So you obviously didn't watch that game. The magic packed the paint every time Gerald had the ball, Carter barely guarded him whatsoever and when he did the entire team was behind him.


----------



## seifer0406 (Jun 8, 2003)

A lot of the shots he took today he were missing a few games ago. While it means that he may be out of the slump you can't feel too comfortable considering he might be missing those shots next game. I would like to see him attack the basket more. Right now he's more of a spot up shooter than a playmaker.


----------



## JT (Mar 1, 2004)

wince carter is getting weaker by the season. such a disappointment. guy would rather jack up threes than drive the lane.

I'm still a fan, but damn...every game goes by in which he doesn't utilize his abilities, I lose more and more respect.


----------



## HB (May 1, 2004)

^If you were getting wide open threes, would you turn it down and drive into a packed lane? I dont think people realize Orlando's offense makes it a necessity to shoot 3's.


----------



## 77AJ (Feb 16, 2005)

Vince just needs to pay some ball boys to hit the gym with him after practice or on his own time and work out his jump shot. He's missing a lot of wide open shots.
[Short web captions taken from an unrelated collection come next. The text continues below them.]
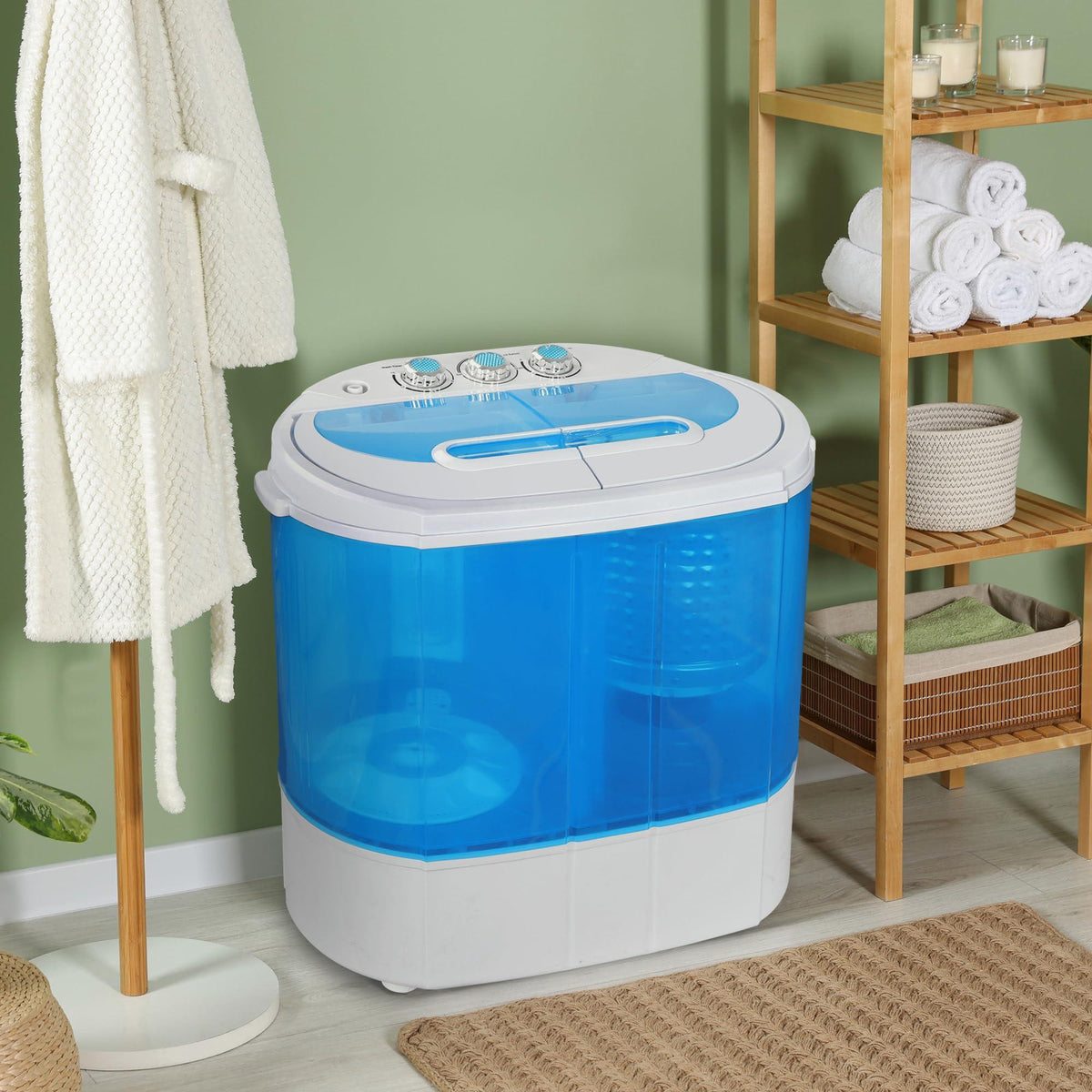 ZenStyle Portable Washer Compact Twin Tub 9.9 LB Mini Top Load Washing Machine Washer/Spinner w/ 6.57 FT Inlet Hose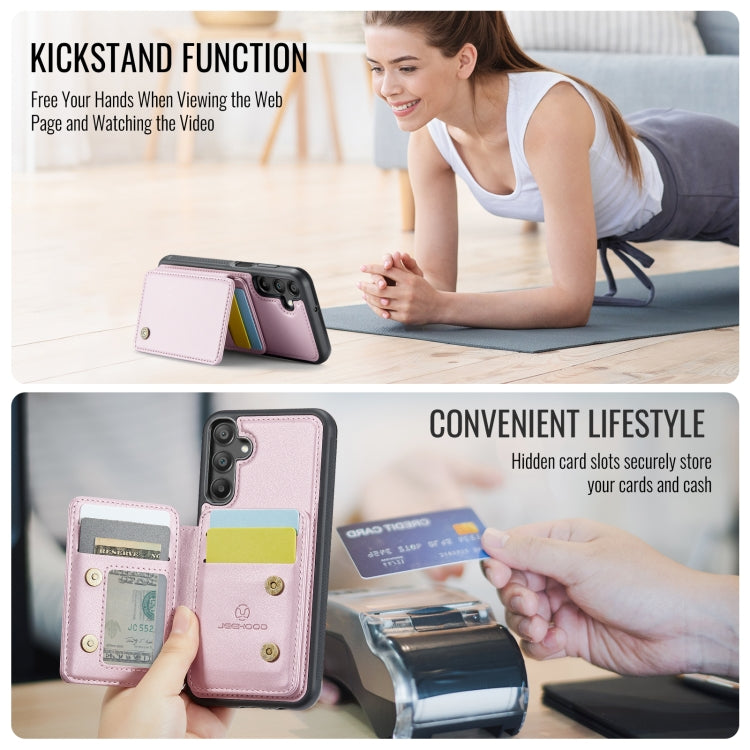 For Samsung Galaxy A16 5G JEEHOOD J05 Business Magnetic Style RFID Leather Phone Case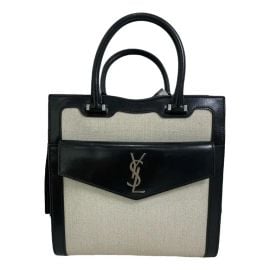 Saint Laurent Uptown Tote Raffia with Leather Tote at Vestiaire Collective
Vince Carter is way to good not to be able to correct his form or whatever it is causing his J to be crooked.


----------



## Pioneer10 (Sep 30, 2004)

They should start Redick instead of VC. "peace2:


----------



## Babir (Jan 10, 2005)

VC needs a good sport pshycologist...


----------



## HKF (Dec 10, 2002)

This guy is the most unclutch player I've ever seen. He just turns into a bum in crunchtime.


----------



## Babir (Jan 10, 2005)

early in his career he was not that bad, had many game winners...even last year he had some


----------



## Sliccat (Oct 16, 2004)

Vince would've been luckier to go to Cleveland. In Orlando, there's too much confusion about the scoring hierarchy, and they're not really running good enough schemes to make that work.


----------



## HB (May 1, 2004)

*VC's bad night*

Ouch!


----------



## JT (Mar 1, 2004)

Seconds later, Carter goes into severe karmic debt as Barnes drives into the paint and kicks it out to an open Carter for a 3. If that guy in the third row hadn't sneezed at just the right time, this would have been an airball. The home crowd starts booing.
On the next possession, in response to the boos, Carter forces another shot -- this one with one leg kicked almost entirely out in front of him. Somehow it goes in, for his second (and last) make of the night.
this part of the game was hilarious to me. he blows a wide open three, gets booed, then kisses a shot off the glass with one leg only...seemingly the only possession he played hard that game.


----------



## JT (Mar 1, 2004)

I hope he gets himself together.


----------



## Dre (Jun 20, 2003)

Prime example of why you probably shouldn't gamble on a highly paid veteran.


----------



## Blue (Jun 21, 2007)

I dont know if it's him playing tentative or if his joints are just very weak, but somethings wrong.. He looks done, especially considering he cant even knock down the open jumpers anymore...


----------



## HB (May 1, 2004)

Charley Rosen says he's out of sync, and I dont think its the joints thing, because he can still drive into the lane when he wants to, its just he cant hit open shots.


----------



## Bogg (May 4, 2009)

Pioneer10 said:


> They should start Redick instead of VC. "peace2:


Don't look now, but Redick's actually turning into a legitimate asset as an NBA shooting guard. His shooting percentages are good, his turnovers are low, and in the games I've seen him his year he's been a plus for the Magic. The guy's going to get a second NBA contract, something you could say with any certainty a year or two ago.


----------



## Jakain (Sep 8, 2006)

Yea last night's game was pretty bad for Carter. Ditto with Paul Pierce: 3-12 FG, 1-4 3P, 4 turn overs) and KG: (2-8 FG).


----------



## Spaceman Spiff (Aug 2, 2006)

Is he back from the dead!?


----------



## Jamel Irief (May 19, 2002)

Spaceman Spiff said:


> Is he back from the dead!?


I just tuned in half way through the 4th and was shocked to hear his total was like 38 points.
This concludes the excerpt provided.